### RECORDED DATA:
::::
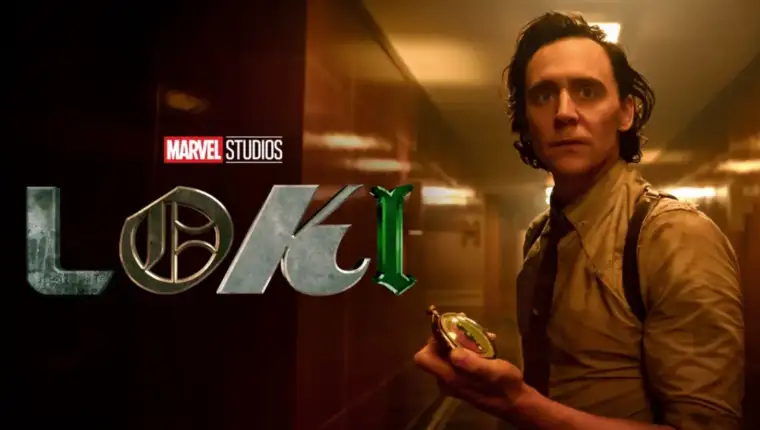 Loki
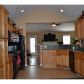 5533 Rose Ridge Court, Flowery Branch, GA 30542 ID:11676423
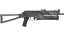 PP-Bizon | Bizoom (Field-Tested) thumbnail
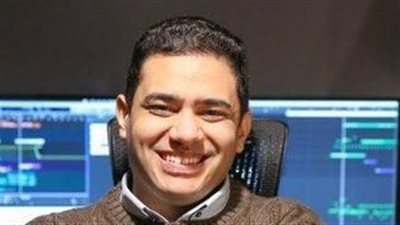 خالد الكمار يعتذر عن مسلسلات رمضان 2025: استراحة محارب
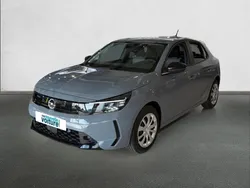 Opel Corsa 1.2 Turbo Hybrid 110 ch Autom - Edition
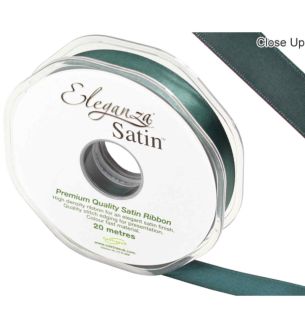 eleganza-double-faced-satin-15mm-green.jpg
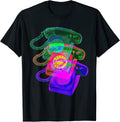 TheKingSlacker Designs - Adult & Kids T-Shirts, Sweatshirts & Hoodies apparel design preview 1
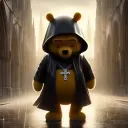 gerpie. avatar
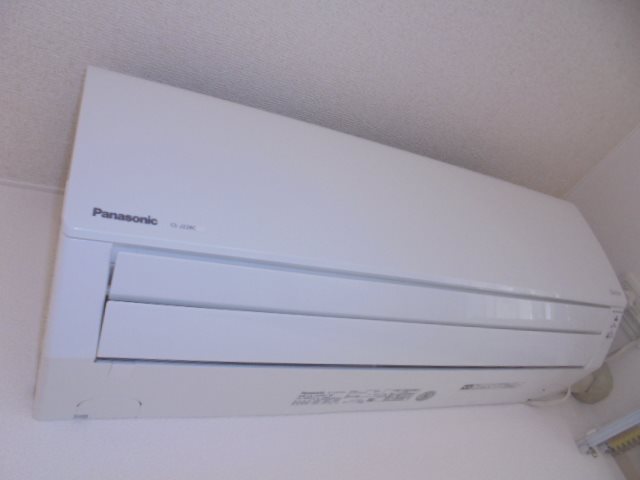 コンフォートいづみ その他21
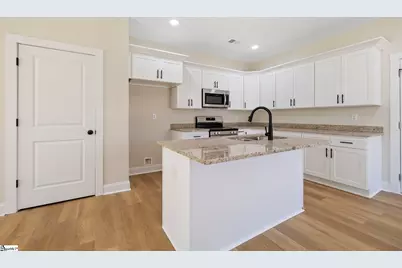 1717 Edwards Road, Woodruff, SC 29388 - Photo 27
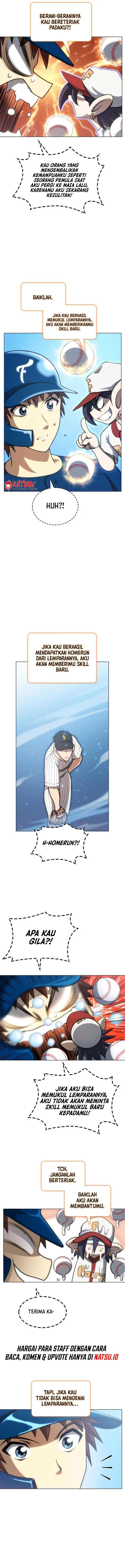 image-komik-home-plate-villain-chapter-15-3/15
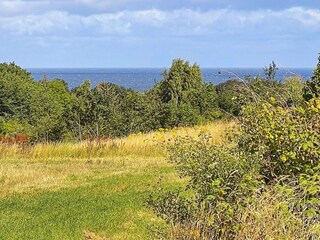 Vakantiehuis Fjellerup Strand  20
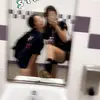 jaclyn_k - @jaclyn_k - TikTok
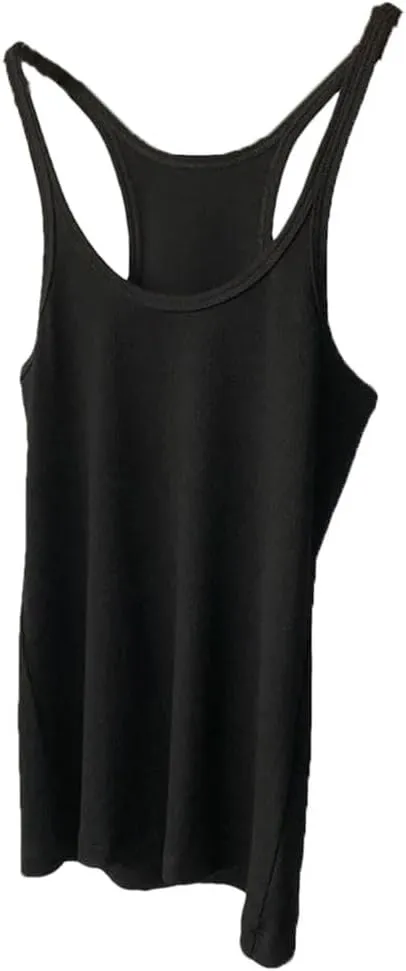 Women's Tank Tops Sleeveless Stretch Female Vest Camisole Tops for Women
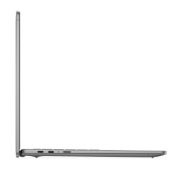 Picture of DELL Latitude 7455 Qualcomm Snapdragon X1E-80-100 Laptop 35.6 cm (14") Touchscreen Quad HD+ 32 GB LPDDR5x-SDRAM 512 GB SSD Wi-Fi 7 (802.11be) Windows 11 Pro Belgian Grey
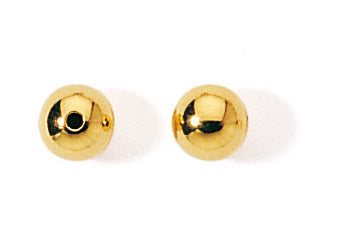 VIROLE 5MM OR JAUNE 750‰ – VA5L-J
::::
### EXERCISE OBJECTIVE:
What is needed is an exact restatement of every line from the one containing "Opel Corsa 1.2" through the last line of the records, pictures left out.

### RESPONSE AREA:
 Opel Corsa 1.2 Turbo Hybrid 110 ch Autom - Edition
 eleganza-double-faced-satin-15mm-green.jpg
 TheKingSlacker Designs - Adult & Kids T-Shirts, Sweatshirts & Hoodies apparel design preview 1
 gerpie. avatar
 コンフォートいづみ その他21
 1717 Edwards Road, Woodruff, SC 29388 - Photo 27
 image-komik-home-plate-villain-chapter-15-3/15
 Vakantiehuis Fjellerup Strand  20
 jaclyn_k - @jaclyn_k - TikTok
 Women's Tank Tops Sleeveless Stretch Female Vest Camisole Tops for Women
 Picture of DELL Latitude 7455 Qualcomm Snapdragon X1E-80-100 Laptop 35.6 cm (14") Touchscreen Quad HD+ 32 GB LPDDR5x-SDRAM 512 GB SSD Wi-Fi 7 (802.11be) Windows 11 Pro Belgian Grey
 VIROLE 5MM OR JAUNE 750‰ – VA5L-J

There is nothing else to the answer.